7 Things You Want To Tell People Who Think They’re Entitled

We all know that one person who seems to think that they own the world. They believe that all their whims and fancies are to be achieved even if it’s at the risk of hurting someone’s feelings. They place high authority on their status and think that anyone who isn’t on their level, isn’t worth giving any respect to. Because at one point or the other, we have met someone who lives off their parents’ reputation or believes that they have to be catered to all the time.

We have a lot to say to them but we stay quiet only because we were brought up to be respectful towards others. Of course, that doesn’t mean we let them walk all over us. But there are just some things we really badly want to say to them that will hopefully make them realize that being entitled doesn’t automatically give them the power to do whatever they want.

1. You are not the center of the universe
It feels like the more entitled someone is, the more they think that everything is about them. If you’re trying to have a deep conversation with them, they somehow manage to turn it around to make it about them. All your problems or achievements somehow end up being about them. Amazingly enough, some of them do it so smoothly that you don’t even notice the change in tracks. But once you do realize it, it annoys you because you know that in the same situation, you would always listen to the other person and try to help them instead of making it about yourself.

2. You are not better than everyone else just because you know someone who knows someone
Most entitled people love to name-drop. It makes them feel powerful and smarter than anyone else. Unfortunately, it also makes them think that they are better than everyone else and expect that everyone will be in awe of them. They think that by mentioning famous people they know or have met, other people will immediately look up to them. Not surprisingly, it just makes you want to roll your eyes. Normally, you would be impressed by the fact they are well-connected, but only if it isn’t accompanied by certain snobbishness that seems to surround them.

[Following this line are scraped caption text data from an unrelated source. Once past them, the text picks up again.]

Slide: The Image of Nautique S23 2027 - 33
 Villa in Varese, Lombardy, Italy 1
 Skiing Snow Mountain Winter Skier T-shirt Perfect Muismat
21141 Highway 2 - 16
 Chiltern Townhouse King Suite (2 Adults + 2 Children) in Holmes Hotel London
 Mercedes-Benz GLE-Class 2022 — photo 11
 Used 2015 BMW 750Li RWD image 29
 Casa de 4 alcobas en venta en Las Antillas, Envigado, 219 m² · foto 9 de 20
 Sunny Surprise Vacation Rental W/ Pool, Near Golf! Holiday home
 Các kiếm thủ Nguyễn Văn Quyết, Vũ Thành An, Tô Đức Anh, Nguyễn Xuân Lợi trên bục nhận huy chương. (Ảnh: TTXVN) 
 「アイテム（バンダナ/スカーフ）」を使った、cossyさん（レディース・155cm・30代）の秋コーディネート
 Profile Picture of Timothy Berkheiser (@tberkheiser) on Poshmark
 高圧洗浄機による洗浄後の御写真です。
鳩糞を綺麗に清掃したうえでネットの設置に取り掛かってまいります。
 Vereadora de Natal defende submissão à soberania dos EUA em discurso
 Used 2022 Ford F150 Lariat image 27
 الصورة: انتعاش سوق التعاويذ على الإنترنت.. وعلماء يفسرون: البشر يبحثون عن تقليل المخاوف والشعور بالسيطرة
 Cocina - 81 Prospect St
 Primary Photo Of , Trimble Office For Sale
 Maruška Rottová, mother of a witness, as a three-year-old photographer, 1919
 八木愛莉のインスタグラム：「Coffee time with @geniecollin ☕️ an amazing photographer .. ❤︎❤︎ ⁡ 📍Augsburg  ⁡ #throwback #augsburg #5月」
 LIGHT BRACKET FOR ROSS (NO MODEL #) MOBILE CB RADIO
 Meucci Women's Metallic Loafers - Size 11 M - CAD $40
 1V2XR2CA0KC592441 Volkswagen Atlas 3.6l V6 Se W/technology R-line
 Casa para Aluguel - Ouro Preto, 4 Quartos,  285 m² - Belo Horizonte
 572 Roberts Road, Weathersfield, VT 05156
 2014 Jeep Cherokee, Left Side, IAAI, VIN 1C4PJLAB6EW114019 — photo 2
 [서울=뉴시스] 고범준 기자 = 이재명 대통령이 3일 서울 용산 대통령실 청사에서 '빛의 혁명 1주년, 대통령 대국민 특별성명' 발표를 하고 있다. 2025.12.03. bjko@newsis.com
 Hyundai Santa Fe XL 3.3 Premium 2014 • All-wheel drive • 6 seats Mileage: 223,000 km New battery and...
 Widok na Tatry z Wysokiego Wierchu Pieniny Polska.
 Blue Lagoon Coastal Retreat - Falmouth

3. Owning expensive things don’t mean that you can look down on others
Considering the materialistic world we live in, people believe that the more number of expensive things they own, the better their status is. In some ways, that is true but an entitled person seems to think that just because they own a BMW or own a Rolex watch that didn’t come from hard work, they can look down on those who work day in and day and don’t have a branded item. You know that your hard work results in good living and the pride you feel at having earned it is immense. For you, while it would be nice to have something expensive, you also know how to enjoy life with the things that you have. You understand the value of hard work and connect with others who value the same.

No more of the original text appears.